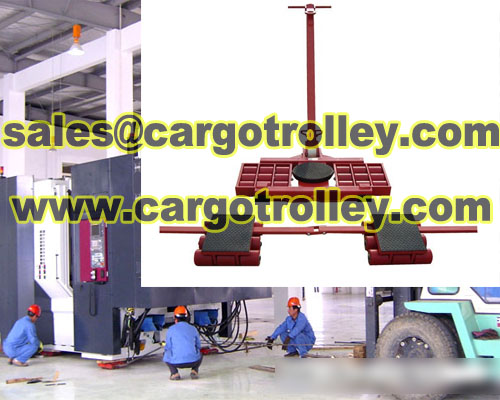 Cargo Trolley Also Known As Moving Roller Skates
* * *
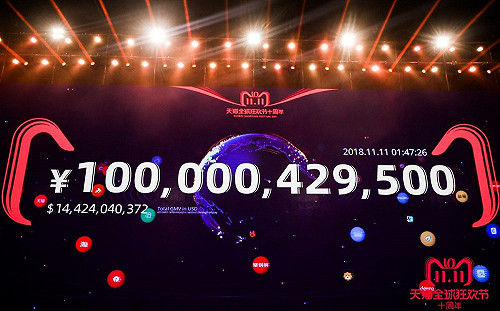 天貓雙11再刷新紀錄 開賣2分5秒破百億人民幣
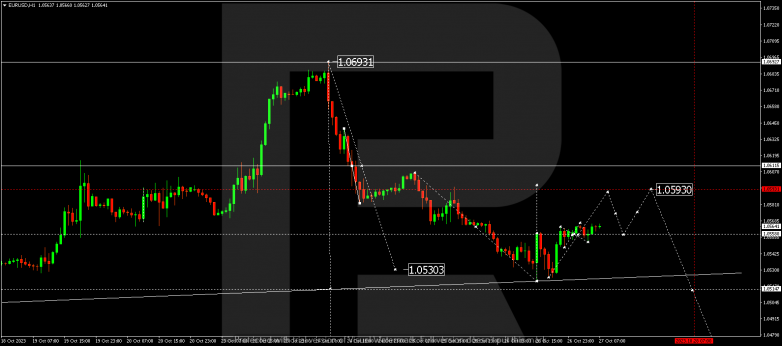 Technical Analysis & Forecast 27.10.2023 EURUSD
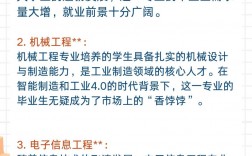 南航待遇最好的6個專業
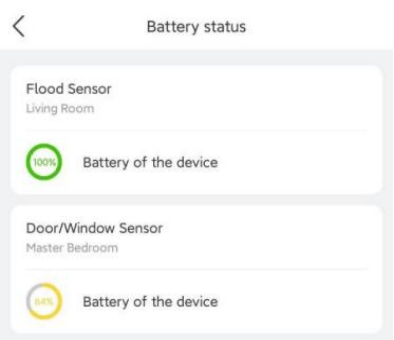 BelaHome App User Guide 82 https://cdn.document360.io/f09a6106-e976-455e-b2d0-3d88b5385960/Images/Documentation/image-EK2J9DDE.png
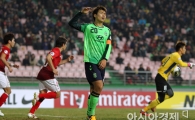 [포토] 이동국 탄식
* * *
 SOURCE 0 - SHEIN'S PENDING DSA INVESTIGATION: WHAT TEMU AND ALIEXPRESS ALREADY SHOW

** Task requirements **
Skipping every picture, transcribe exactly the lines above from the one containing "天貓雙11再刷新紀錄 開賣2分5秒破百億人民幣" through the one containing "[포토] 이동국 탄식", both included.

** Solved problem **
 天貓雙11再刷新紀錄 開賣2分5秒破百億人民幣
 Technical Analysis & Forecast 27.10.2023 EURUSD
 南航待遇最好的6個專業
 BelaHome App User Guide 82 https://cdn.document360.io/f09a6106-e976-455e-b2d0-3d88b5385960/Images/Documentation/image-EK2J9DDE.png
 [포토] 이동국 탄식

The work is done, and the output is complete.